一度取り決めた面会交流の内容が変更されることはあるのでしょうか?

2018年3月4日 更新 

 協議離婚・調停離婚の際などに,子供の親権のほかに面会交流の取り決めをすることがあろうかと思われます。最近は,比較的取り決めをするケースが以前よりは増えた印象があります。柔軟性を持たせるために,概括的な取り決めを最初にして後は子供の成長状況やそれぞれの都合に合わせて運用していくケースが多いように思われます。ただし,運用の仕方によっては父母双方の側に不満が出てくることがありえます。

 

 その際の対応手段は別のコラムでも触れましたが,父母の間で協議をすることや家庭裁判所における手続き(履行勧告等)を使う方法がありえます。不満の種類には,会わせてくれない・取り決め以上に勝手に会いに来ているといったことが大まかに言って考えられます。今回はこのうち,後者の場合を取り上げたいと思います。

 

 取り決め以上に勝手に会いに来た場合,会いにきた側には当然という思いがあるかもしれませんが,取り決めを守ってくれないと感じる側からは大きな不満が出てくる可能性があります。そのことについて父母間で調整がつかない場合には,一度取り決めた面会交流の制限を求める申立(調停で話がつかない場合に審判に移行するケースが多くなるものと思われます)がなされる可能性があります。

 

 話し合いがつかず調停では決着しない場合(対立が大きい場合には,このようになる可能性も相当程度高く存在します)には裁判官の判断である審判が出されることになります。その際にどのような内容の判断がなされるかはケースごとによります。ただし,一度取り決めた内容を変更するというのであれば(特に面会交流を一時期にしても制限をするのであれば),それなりの事情の変更が必要となります。

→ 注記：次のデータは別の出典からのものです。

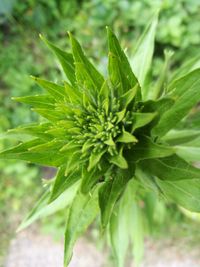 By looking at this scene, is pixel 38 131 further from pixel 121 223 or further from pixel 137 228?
pixel 137 228

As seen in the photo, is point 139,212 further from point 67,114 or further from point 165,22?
point 165,22

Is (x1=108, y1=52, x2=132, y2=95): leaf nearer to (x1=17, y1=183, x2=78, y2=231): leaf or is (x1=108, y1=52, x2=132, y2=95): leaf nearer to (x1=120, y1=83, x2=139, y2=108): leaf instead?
(x1=120, y1=83, x2=139, y2=108): leaf

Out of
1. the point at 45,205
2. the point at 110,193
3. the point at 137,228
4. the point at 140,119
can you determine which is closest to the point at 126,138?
the point at 140,119

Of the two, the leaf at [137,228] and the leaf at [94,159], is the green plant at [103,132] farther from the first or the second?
the leaf at [137,228]

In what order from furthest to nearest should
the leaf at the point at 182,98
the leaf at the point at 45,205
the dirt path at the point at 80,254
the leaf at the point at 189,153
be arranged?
the dirt path at the point at 80,254 → the leaf at the point at 45,205 → the leaf at the point at 189,153 → the leaf at the point at 182,98

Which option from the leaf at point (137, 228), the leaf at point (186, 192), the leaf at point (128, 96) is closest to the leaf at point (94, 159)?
the leaf at point (128, 96)

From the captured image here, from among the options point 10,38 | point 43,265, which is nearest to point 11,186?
point 43,265

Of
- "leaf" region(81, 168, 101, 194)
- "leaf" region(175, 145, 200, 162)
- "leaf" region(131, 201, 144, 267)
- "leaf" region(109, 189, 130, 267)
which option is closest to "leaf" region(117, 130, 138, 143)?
"leaf" region(81, 168, 101, 194) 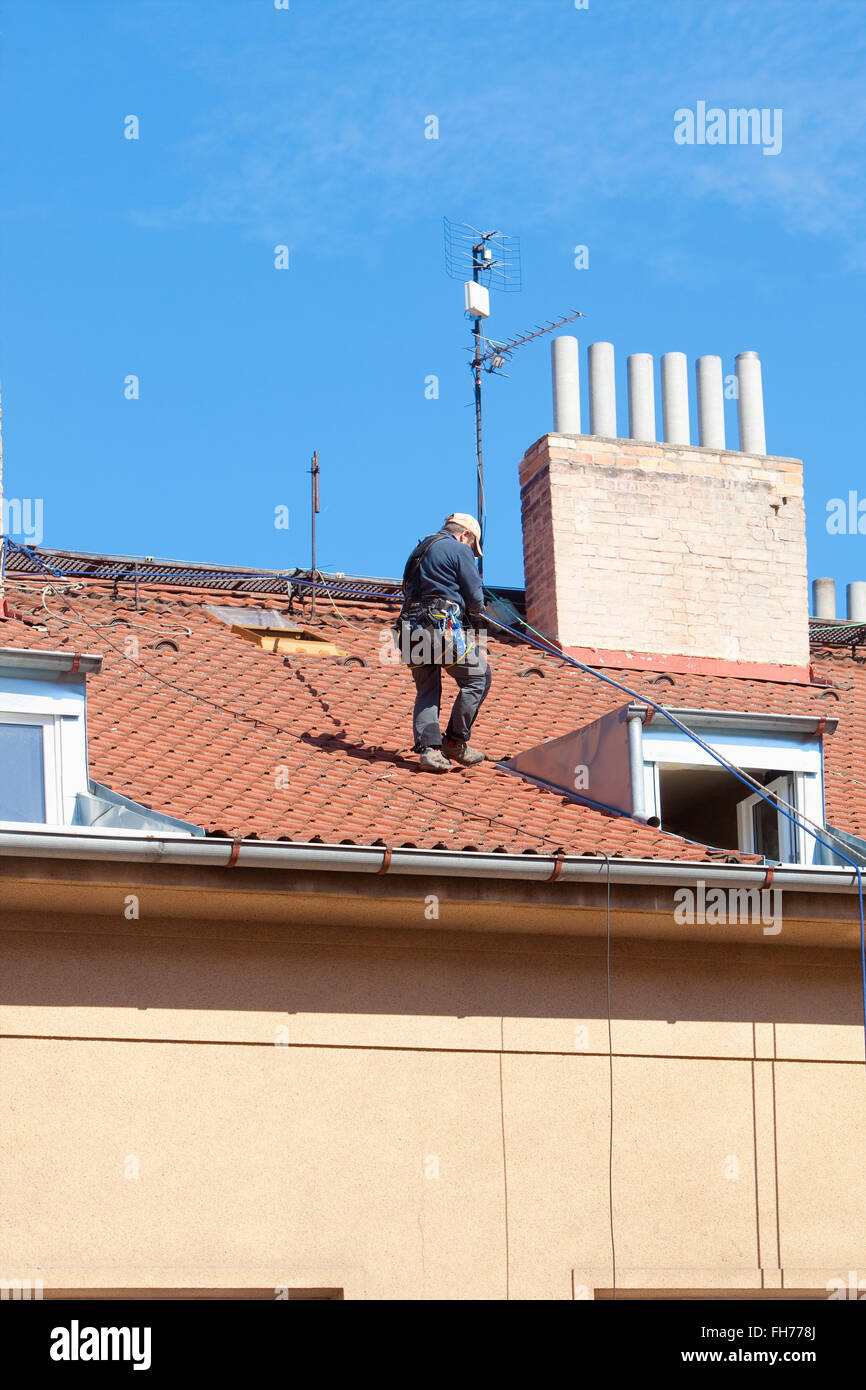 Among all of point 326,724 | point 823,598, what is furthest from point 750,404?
point 326,724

面会交流を制限するというのであれば,親同士の感情的な対立が激化するというだけでなく,子供にとって精神的な負担をもたらすような事情・子供の成長にとって現在の面会交流を避けるべきと考えるだけの事情が必要となってくるものと思われます。実際のところ問題となる,どこまで行けばそのようになるかは,単にルールを守らないというだけではなく,違反による子供への影響等を含めて考えていくことになるでしょうし,ケースごとの事情によるものと思われます。

 面会交流の制限も一時的な制限等様々考えられるところです。父母間の感情対立があるものの,父親側に子供の成長への情熱などがある場合からそうした要素のない場合まで様々考えられるところです。父母の感情対立が大きい場合には子供への影響がある場合もありえますし,協議や調停がなかなかうまく進まないことも考えられます。ちなみに,裁判例の中には,認定された事実からは,子供の教育などに熱心な父親が母親側に否定的なようするを見せる・取り決めた条件以外に待ち伏せをするなどしたケースについて,一時期の面会交流の制限を命じたものがあります。

 単なるルール違反や感情面の対立では片づけられず,様々な事情を考えていく難しい話になろうかと思われます。